> Work order
Check each line below for the word "Used", and copy those that have it.
::: Given data
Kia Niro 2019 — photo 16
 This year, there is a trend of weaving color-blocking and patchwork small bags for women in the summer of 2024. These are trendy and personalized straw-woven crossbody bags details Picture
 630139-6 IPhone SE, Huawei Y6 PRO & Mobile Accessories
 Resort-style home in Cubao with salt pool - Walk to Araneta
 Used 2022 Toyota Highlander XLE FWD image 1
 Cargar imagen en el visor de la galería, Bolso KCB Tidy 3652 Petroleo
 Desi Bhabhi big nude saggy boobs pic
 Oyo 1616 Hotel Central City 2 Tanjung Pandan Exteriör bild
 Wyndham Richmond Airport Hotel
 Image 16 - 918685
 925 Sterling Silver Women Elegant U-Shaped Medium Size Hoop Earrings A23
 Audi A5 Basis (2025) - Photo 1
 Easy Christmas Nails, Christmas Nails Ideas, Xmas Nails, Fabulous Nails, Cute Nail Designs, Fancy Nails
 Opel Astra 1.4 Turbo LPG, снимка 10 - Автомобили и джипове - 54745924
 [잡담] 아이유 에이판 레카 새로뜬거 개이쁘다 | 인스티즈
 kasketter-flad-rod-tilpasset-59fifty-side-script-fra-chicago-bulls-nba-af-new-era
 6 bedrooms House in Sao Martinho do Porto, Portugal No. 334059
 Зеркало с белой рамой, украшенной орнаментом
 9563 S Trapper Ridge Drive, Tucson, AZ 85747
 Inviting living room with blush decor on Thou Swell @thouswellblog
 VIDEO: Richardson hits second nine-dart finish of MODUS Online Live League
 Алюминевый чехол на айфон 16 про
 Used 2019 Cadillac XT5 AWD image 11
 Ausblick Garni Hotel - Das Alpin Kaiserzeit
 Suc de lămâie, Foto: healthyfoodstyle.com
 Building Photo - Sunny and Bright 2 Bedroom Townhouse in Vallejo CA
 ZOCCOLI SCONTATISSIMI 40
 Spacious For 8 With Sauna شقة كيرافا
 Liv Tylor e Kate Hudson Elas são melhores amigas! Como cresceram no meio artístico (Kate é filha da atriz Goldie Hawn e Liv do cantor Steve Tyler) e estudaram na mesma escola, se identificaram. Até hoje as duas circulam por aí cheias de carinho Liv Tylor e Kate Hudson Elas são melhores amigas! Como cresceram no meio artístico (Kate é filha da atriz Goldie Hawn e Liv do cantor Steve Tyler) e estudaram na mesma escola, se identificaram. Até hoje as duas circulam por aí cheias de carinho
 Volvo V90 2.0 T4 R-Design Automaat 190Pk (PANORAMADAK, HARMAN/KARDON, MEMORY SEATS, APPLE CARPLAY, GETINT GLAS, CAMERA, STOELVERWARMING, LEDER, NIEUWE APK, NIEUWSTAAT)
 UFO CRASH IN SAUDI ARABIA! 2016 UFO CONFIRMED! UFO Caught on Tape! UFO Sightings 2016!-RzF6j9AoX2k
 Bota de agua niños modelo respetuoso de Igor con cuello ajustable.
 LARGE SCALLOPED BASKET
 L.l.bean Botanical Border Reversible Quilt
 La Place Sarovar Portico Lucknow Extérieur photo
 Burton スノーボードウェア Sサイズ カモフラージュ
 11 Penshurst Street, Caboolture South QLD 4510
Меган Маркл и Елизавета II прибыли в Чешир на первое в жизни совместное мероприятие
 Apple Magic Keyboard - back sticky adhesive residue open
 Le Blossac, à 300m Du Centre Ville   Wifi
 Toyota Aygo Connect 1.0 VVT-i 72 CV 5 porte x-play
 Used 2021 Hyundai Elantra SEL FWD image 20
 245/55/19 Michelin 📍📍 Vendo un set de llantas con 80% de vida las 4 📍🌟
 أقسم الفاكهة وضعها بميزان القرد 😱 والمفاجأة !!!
::::::
> Response to this task
 Used 2022 Toyota Highlander XLE FWD image 1
 Used 2019 Cadillac XT5 AWD image 11
 Used 2021 Hyundai Elantra SEL FWD image 20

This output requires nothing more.